Resources Available to Help Consumers Find and Arrange Respite Care
AARP offers a step-by-step guide for finding and paying for respite care. Area Agencies on Aging (AAAs) provide a resource to help consumers connect with visiting companions, hourly in-home respite care, adult day care and overnight respite providers.
AAAs can also help determine if there are local no-cost or low-cost programs, if the state Medicare program will cover some of the cost and if financial assistance is available.
Funding for respite care can come from a variety of sources, including the federal government, state governments or other sources such as private foundations.
The Medicare hospice benefit pays for some respite care, which may also be covered by insurance or an agency such as the Department of Veterans Affairs.
Using the Medicare benefit, a patient may need to pay 5 percent of the Medicare-approved amount for inpatient respite care, such as in a hospice facility, hospital or nursing home. Volunteer respite help is available too.

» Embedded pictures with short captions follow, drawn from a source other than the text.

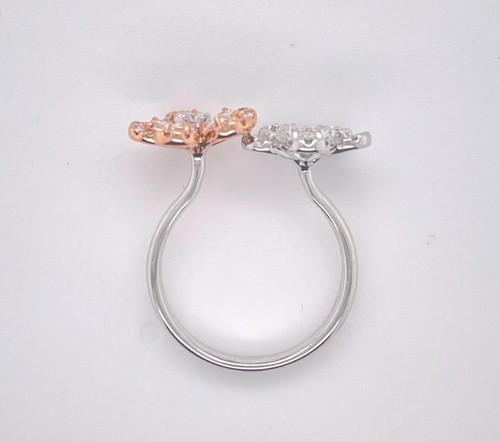 18K Rose/White Gold 1.28ct Pear & Round Cut Diamond Double Flower Cocktail Ring - 第 6/8 張圖片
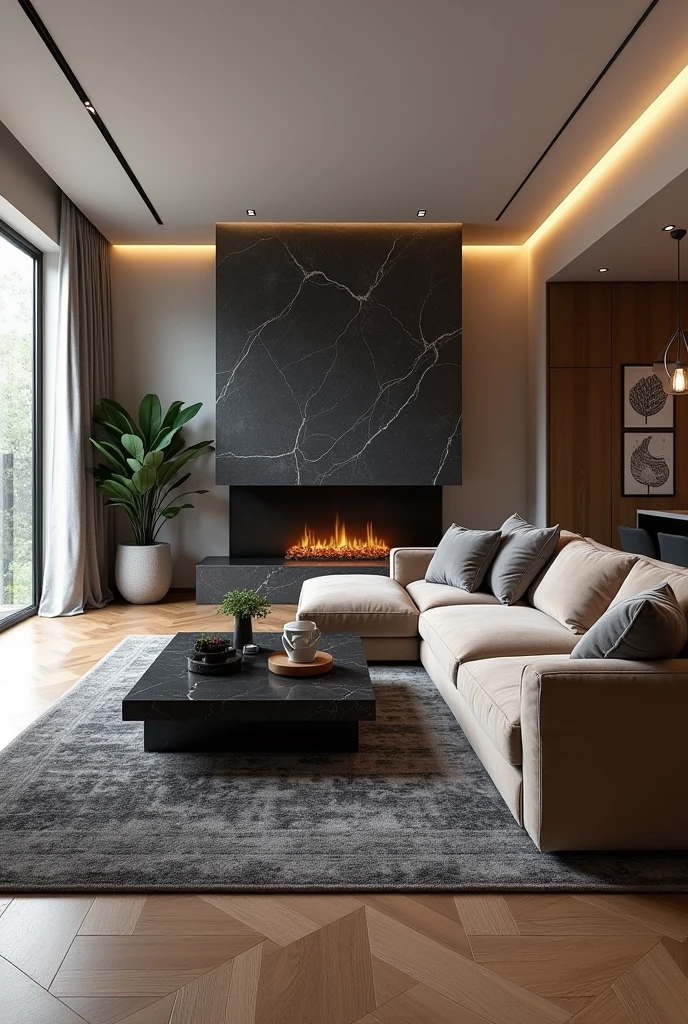 Professional 3d architecture rendering design of modern living room with so dark gray and dark beige and floranca velvet sofa set and medium flouting dark gray marble fireplace and brown laminate and elegant and modern accessories and modern windows and black slab stone middle table and elegant ceiling lighting and elegant accessories and elegant dark gray Persian carpet and modern ceiling lighting and white wall and elegant accessories and elegant green space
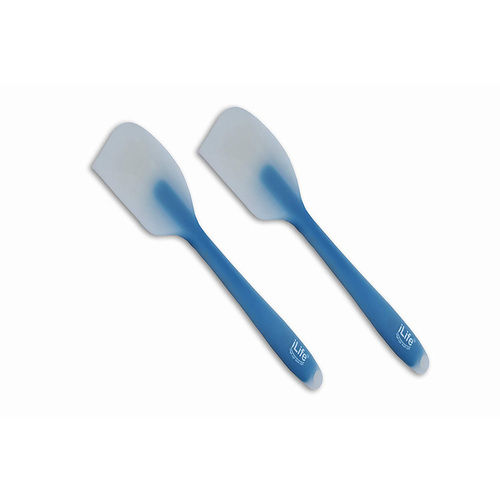 Ilife Silicone Biggest Size Spatulas Heat Resistant Flexible Spatula 450f With Stainless Steel Core - Fda Grade Premium Kitchen Utensils With Good Grip 27 Cm Pack Of 2 Blue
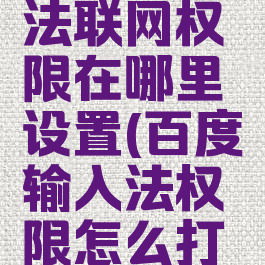 百度输入法联网权限在哪里设置(百度输入法权限怎么打开)
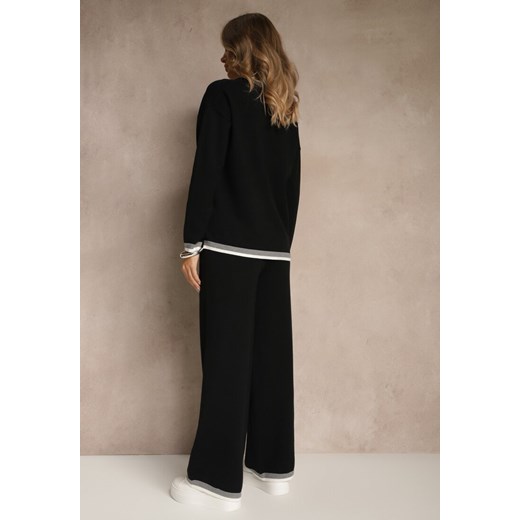 Czarny Komplet Dzianinowy Sweter i Spodnie Wide Leg z Ozdobną Lamówką Ralenia Renee XL renee.pl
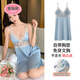 Plastic Meiting summer ice and snow silk sexy nightgown for women with breast pad pure sleeveless suspender skirt thin cool home skirt A11964 M women's style
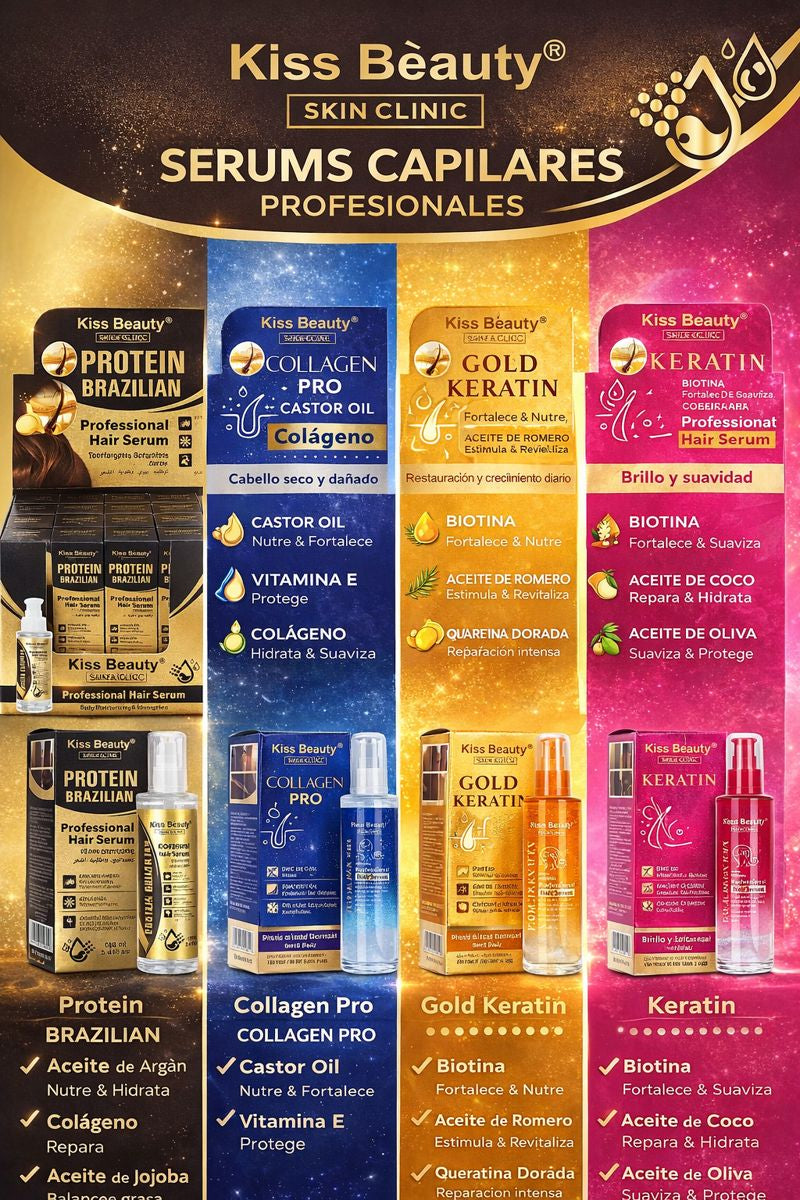 Professional Hair Serum 100 ml – Sérum Capilar Hidratante y Reparador – Keratina, Colágeno y Aceites Naturales – Para Cabello Seco y Dañado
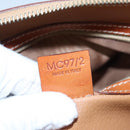 CELINE Macadam Canvas Hand Bag PVC Leather Brown Gold Auth 103291-12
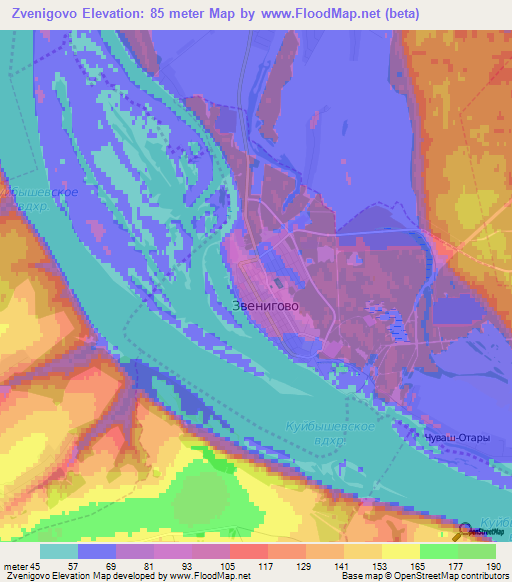 Zvenigovo,Russia Elevation Map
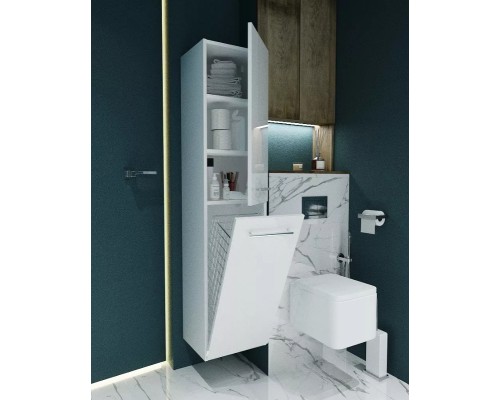 Шкаф пенал 1MarKa Соната 35 R У23259 с бельевой корзиной Белый глянцевый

When arranging for respite care, some questions to consider beforehand include:
- What care is needed?
- What financial resources are available?
- What are the caregiver’s needs?
- What roles can others in the care circle fill?
- What type of respite is best in your situation?
Additionally, some Medicare Advantage plans have expanded their plans to include more respite care hours.
Care for the Primary Caregiver
It’s unrealistic to assume that a primary caregiver can handle ongoing care without a break. Respite care provides short-term relief for primary caregivers. A respite break can be as short as a few hours or as long as several days.
Respite care can be provided at home, in a health care facility or at an adult day center, and whether it is planned or emergency care, respite care offers a much-needed break for committed caregivers.
Programs have been developed around the U.S. to assist in the development of respite care infrastructures at the state and local levels.
Respite care, however, is often out of reach. Caregivers may feel guilty for taking a break. Cost and benefit funding may be factors. Identifying quality care may be another factor for the caregiver.
Work is ongoing to make sure the Lifespan Respite Care Program and the National Family Caregiver Support Program (NFCSP) continue to be funded.
Additionally, in January 2018, Congress passed, and President Donald Trump signed, the RAISE Family Caregivers Act into law, which, among other goals, seeks to recognize and support family caregivers in a manner that reflects their diverse needs and respects care transitions, care coordination, workplace issues and financial security—and respite options.